In light of the recent controversy related to sexual assaults in the military and reform of the UCMJ, a group of law professors have drafted a sort of wish list for studies and reforms in the wake of the controversy.  Available here.  The list of professors is long and distinguished . . . so I’ll just name a few:

  • Eugene R. Fidell, Senior Research Scholar in Law and Florence Rogatz Visiting Lecturer in Law, Yale Law School; U.S. Coast Guard, 1969-72.
  • David J. R. Frakt, Visiting Professor of Law, University of Pittsburgh School of Law; Lieutenant Colonel, USAFR, U.S. Air Force JAG, 1995-2005, Reserve Air Force JAG, 2005-present.
  • Eric M. Freedman, Maurice A. Deane Distinguished Professor of Constitutional Law, Maurice A. Deane School of Law at Hofstra University.
  • Diane H. Mazur, Professor of Law, University of Florida College of Law; U.S. Air Force, 1979-83.
  • Stephen A. Saltzburg, Wallace and Beverley Woodbury University Professor of Law, Co-Director, Litigation and Dispute Resolution Program, George Washington University Law School. 

3 Responses to “Law Professors’ Statement on Reform of Military Justice”

  1. Zachary D Spilman says:

    These law professors – many of whose names are immediately recognizable, as they are experts in their fields – suggest radical change:

    We do not believe structural changes will cure all of the problems that have come so forcefully to public attention, but unless structural changes are made, we are concerned that our military personnel will not be receiving the kind of justice they deserve.

    Statement at 2.

    A separate legal regime should not be established for the adjudication of sexual offenses.

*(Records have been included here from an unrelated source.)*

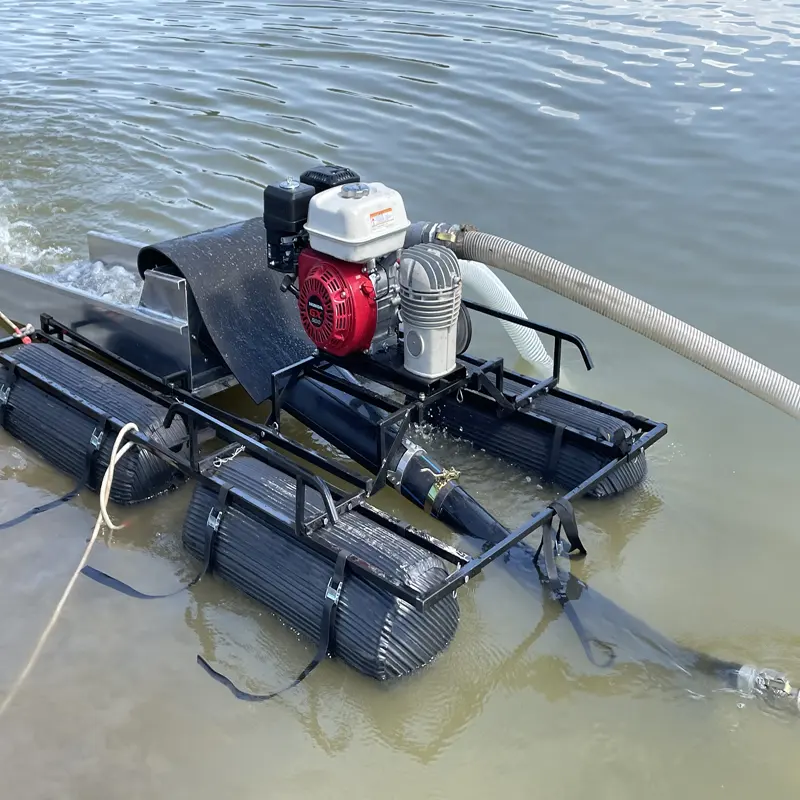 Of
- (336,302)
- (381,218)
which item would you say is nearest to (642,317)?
(381,218)

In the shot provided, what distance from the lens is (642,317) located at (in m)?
3.51

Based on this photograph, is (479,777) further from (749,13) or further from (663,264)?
(749,13)

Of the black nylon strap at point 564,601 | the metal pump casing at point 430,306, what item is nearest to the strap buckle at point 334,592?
the black nylon strap at point 564,601

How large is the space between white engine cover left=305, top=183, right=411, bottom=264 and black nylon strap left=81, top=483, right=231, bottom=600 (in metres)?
1.00

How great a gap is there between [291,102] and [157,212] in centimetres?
252

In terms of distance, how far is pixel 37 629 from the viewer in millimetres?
3449

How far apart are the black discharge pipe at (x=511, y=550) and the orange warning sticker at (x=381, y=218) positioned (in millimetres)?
847

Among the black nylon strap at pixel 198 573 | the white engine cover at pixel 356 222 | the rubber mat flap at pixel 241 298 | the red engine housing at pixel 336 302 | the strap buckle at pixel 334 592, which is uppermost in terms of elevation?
the white engine cover at pixel 356 222

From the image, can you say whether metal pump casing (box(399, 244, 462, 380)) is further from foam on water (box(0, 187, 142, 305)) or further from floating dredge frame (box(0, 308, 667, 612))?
foam on water (box(0, 187, 142, 305))

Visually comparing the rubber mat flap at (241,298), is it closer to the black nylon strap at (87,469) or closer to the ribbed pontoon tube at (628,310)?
the black nylon strap at (87,469)

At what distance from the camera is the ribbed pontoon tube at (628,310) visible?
11.2 feet

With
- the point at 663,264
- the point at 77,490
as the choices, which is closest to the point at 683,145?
the point at 663,264

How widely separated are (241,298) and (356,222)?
1059 mm

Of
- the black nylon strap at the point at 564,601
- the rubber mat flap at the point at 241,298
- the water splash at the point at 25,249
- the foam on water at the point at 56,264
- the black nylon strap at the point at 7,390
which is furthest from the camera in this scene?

The UCMJ is supposed to be uniform. It is unfortunate enough that there are inter-service variations on some aspects of the administration of military justice, but it would be wasteful, confusing, and potentially counter-productive to carve out any particular punitive article for an essentially separate process.

    Statement at 3.

    As a result, we recommend that the decision to prosecute a member of the armed forces for criminal conduct (as opposed to minor disciplinary offenses) be made by an independent prosecutor outside the chain of command.


    Personnel should be detailed to serve as court-martial members (jurors) by a court-martial administrator rather than a commander, to avoid concerns about jury-stacking and unlawful command influence.


    Court-martial findings and sentences should not be subject to post-trial review, approval or adjustment by commanders.

    Statement at 4.

    Military judges in each service should have uniform statutory terms of office of at least four years’ duration in order to ensure their independence and reduce the unjustifiable inter-service disparities that currently exist.


  2. Mike "No Man" Navarre says:

    And I don’t mean this in a negative way, but essentially the letter uses this as a platform to advocate all the Mil Jus reforms that those from the defense bar have advocated for years. Which is rather amusing given the focus on increased prosecution in Congress. Congress somehow thinks that putting lawyers in charge will result in more convictions, yet the defense bar has thought for years that nearly the opposite was true.

  3. JB says:

    So, unit is in combat, heavily engaged with the enemy.  The “court-martial administrator” orders the combatant commander and other key unit members to the rear to do their duty as members. Who trumps who?